Whatever states do about health insurance prices for older and younger adults, one thing remains certain: it will be unlikely to please everyone.
Frederic Blavin and his colleagues at the Urban Institute in Washington, D.C., have published data on how efforts to keep or eliminate age-based pricing differences might affect U.S. residents. The researchers published their data in Health Affairs, an academic journal that focuses on the finance and delivery of health care. The researchers discussed the choices states will have before them should the Patient Protection and Affordable Care Act of 2010 (PPACA) be implemented as written.

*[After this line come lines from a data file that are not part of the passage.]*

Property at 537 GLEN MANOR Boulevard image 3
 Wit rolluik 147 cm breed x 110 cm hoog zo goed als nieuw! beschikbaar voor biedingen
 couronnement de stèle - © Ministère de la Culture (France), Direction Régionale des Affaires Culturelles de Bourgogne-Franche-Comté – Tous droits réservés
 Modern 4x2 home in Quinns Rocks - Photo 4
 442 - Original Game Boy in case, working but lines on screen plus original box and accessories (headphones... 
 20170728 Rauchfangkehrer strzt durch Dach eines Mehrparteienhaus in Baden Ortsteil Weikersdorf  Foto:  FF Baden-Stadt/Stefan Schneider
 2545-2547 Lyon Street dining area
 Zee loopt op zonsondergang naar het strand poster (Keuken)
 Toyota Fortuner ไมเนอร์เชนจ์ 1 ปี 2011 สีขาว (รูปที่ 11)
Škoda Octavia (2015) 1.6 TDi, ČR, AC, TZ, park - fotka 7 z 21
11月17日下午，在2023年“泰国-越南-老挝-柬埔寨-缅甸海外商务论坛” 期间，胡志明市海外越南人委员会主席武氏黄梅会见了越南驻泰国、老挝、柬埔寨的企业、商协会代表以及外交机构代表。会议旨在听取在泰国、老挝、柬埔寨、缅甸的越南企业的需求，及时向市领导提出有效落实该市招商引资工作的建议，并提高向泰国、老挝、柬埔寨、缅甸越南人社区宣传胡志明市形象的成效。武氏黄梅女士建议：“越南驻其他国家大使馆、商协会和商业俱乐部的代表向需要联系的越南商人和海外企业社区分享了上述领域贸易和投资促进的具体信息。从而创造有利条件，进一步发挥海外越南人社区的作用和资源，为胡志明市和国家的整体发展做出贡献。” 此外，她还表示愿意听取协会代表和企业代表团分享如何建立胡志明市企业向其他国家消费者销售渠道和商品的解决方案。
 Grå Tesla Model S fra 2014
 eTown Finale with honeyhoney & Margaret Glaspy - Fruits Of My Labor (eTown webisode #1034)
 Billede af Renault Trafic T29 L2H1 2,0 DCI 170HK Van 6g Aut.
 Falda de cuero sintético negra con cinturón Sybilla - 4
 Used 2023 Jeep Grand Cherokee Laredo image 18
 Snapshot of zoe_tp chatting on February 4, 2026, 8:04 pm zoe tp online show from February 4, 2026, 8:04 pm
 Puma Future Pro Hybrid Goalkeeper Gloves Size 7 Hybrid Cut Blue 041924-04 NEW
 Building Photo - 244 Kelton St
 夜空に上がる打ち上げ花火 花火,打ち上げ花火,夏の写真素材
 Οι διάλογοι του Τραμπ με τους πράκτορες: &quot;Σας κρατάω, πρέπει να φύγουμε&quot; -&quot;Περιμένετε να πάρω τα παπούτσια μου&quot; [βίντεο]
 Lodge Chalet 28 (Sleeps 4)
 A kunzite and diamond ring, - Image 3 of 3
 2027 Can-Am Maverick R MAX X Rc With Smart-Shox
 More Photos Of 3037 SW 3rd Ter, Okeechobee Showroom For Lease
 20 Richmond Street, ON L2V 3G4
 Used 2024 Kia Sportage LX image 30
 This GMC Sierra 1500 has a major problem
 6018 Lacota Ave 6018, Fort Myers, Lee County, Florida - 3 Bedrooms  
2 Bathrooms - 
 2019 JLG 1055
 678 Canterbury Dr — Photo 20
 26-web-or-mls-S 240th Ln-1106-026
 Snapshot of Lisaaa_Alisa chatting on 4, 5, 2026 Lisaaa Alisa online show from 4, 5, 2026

Mired in controversy, legal wrangling and political argument since its signing into law in 2010, PPACA faces a multiple-front effort to get the law repealed outright in Congress, as well as to have it overturned in the Supreme Court. Oral arguments before the Supreme Court over the constitutionality of PPACA’s individual mandate begin in March.
However, if PPACA survives these efforts to undo the law, and if PPACA is fully implemented on schedule (by 2014), it will create, among other thing, a Small Business Health Options Program (SHOP) exchange system for small businesses and another exchange system for individuals. Exchanges are no-frills online venues consumers can use to buy health insurance; each state must set up its own exchange by 2014 or let the federal government provide exchange services for its residents. The exchanges are supposed to help individuals meet new PPACA health insurance ownership requirements.
Individuals with incomes under 400% of the federal poverty level will be able to use new tax subsidies to buy coverage through the exchanges, and many small businesses will qualify for a 2-year health insurance purchase subsidy.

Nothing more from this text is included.